In den kalten Fjorden der subantarktischen Insel Südgeorgien entscheidet sich das Überleben ganzer Fischgenerationen. Neue Forschungsergebnisse zeigen: Veränderte Meeresströmungen, ausgelöst durch den Klimawandel, können darüber bestimmen, ob junge Makrelen-Eisfische heranwachsen, oder in den offenen Ozean abgetrieben werden.
Die Makrelen-Eisfische sind ein Schlüsselfaktor im marinen Ökosystem Südgeorgiens. Sie dienen Robben, Pinguinen und anderen Meeresbewohnern als wichtige Nahrungsquelle. Gerät ihr Nachwuchs in Gefahr, hat das Folgen für die gesamte Nahrungskette.

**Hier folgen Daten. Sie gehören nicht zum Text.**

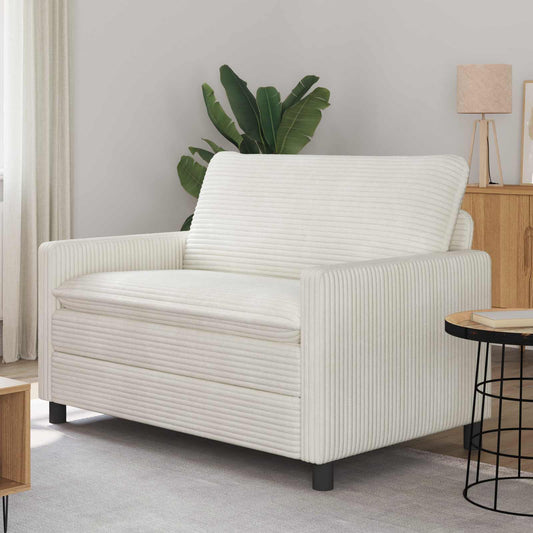 Bank Crèmekleurig 126 x 81 x 87,5 cm Polyester is nu te koop bij PeponiXL, paradijselijk wonen!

Gletscherwasser verändert Strömungen
Geleitet wurde die Studie von Dr. Joanna Zanker vom British Antarctic Survey. Im Rahmen ihrer Doktorarbeit untersuchte sie erstmals detailliert, wie Meeresströmungen im größten Fjord Südgeorgiens auf klimatische Veränderungen reagieren.
Im November 2021 sammelte das Forschungsteam während einer Expedition mit dem Fischereipatrouillenschiff Pharos SG umfangreiche Ozeanmessdaten. In Kombination mit Computersimulationen ergab sich ein klares Bild: Durch das zunehmende Abschmelzen der Gletscher strömt mehr Süßwasser in die Fjorde. Diese Veränderung verstärkt Strömungen, die junge Fische aus den geschützten Fjordgebieten in den offenen Ozean hinausziehen.
Dort sinken ihre Überlebenschancen drastisch.
Wind als unerwarteter Verbündeter
Doch die Studie zeigt auch einen Hoffnungsschimmer. Starke, warme Winde können die Strömungen so beeinflussen, dass Fischlarven im Fjord gehalten werden. Diese natürliche „Falle“ erhöht ihre Chancen, das Erwachsenenalter zu erreichen.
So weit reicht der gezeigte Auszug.